■ DIRECTIONS
Output the listing exactly as written, apart from its pictures.

^^^^

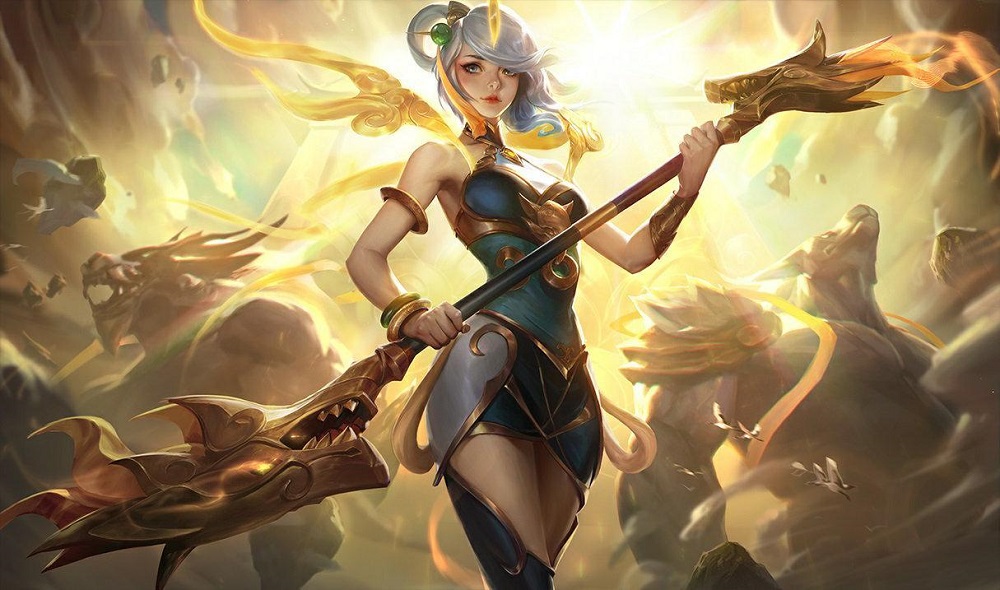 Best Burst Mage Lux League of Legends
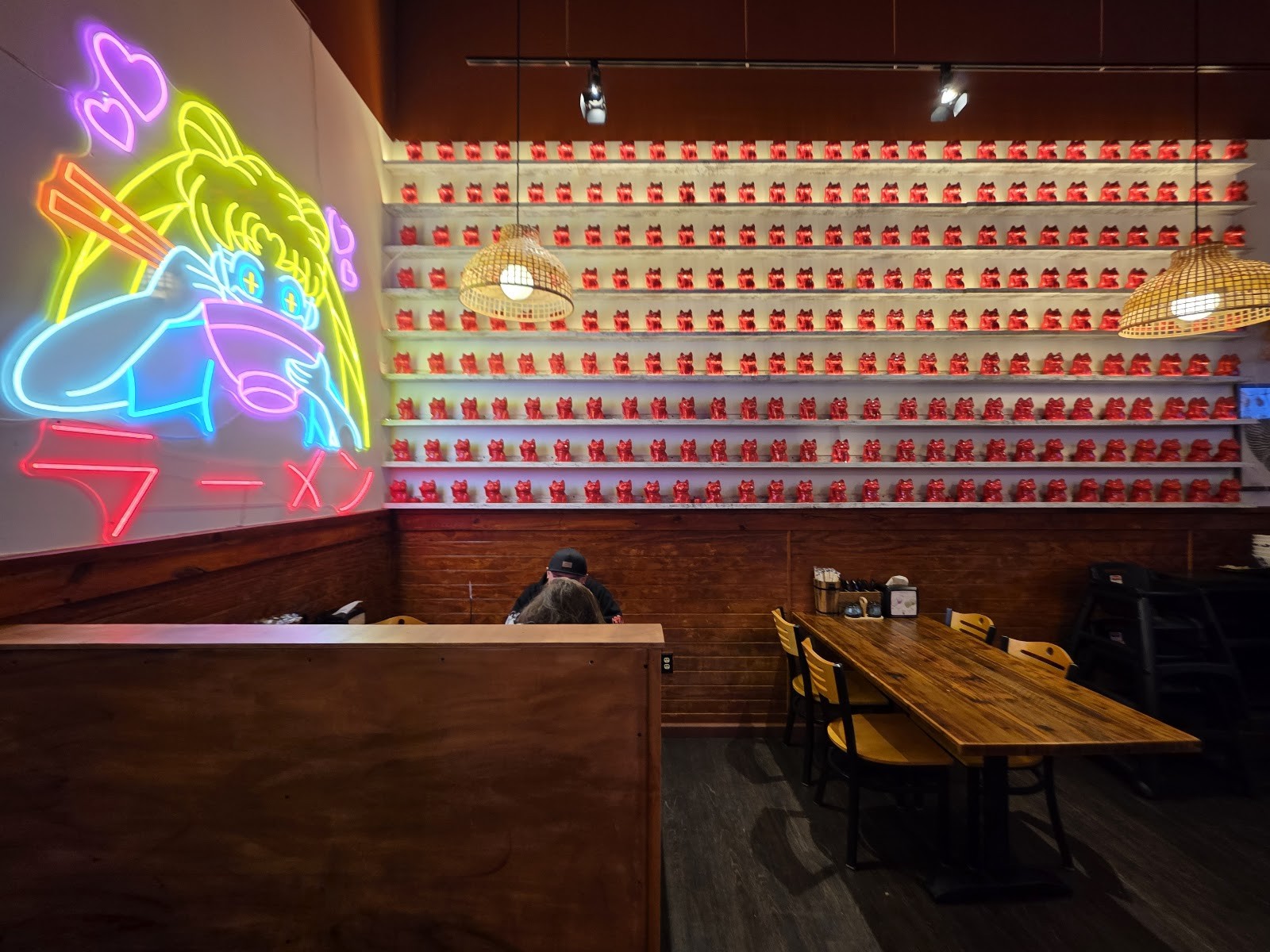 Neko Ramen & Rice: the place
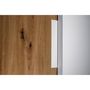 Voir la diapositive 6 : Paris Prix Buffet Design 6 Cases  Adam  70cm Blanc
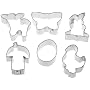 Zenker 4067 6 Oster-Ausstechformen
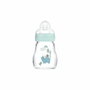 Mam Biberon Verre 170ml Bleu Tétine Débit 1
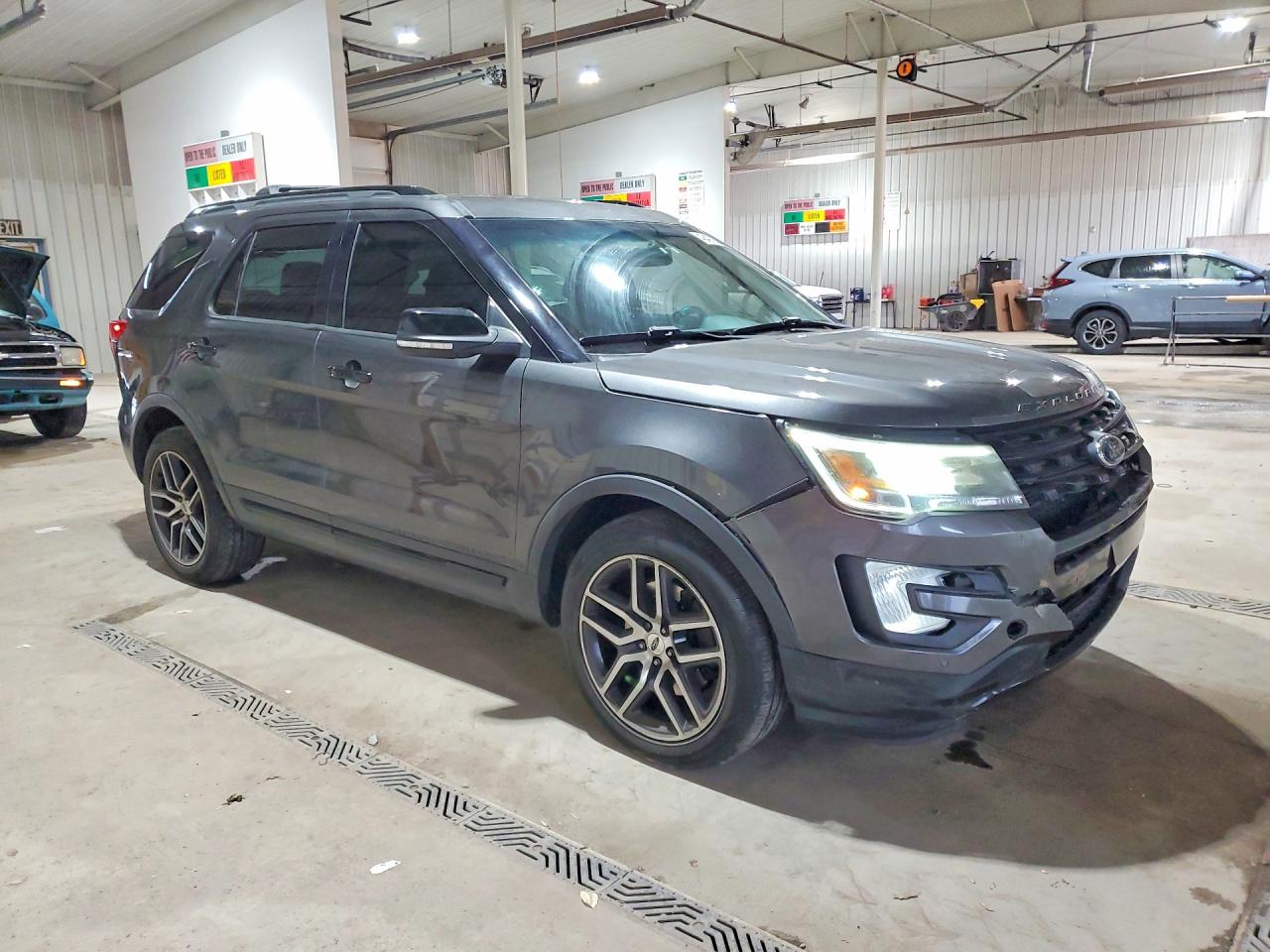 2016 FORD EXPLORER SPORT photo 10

^^^^

■ FINISHED TASK
 Best Burst Mage Lux League of Legends
 Neko Ramen & Rice: the place
 Voir la diapositive 6 : Paris Prix Buffet Design 6 Cases  Adam  70cm Blanc
 Zenker 4067 6 Oster-Ausstechformen
 Mam Biberon Verre 170ml Bleu Tétine Débit 1
 2016 FORD EXPLORER SPORT photo 10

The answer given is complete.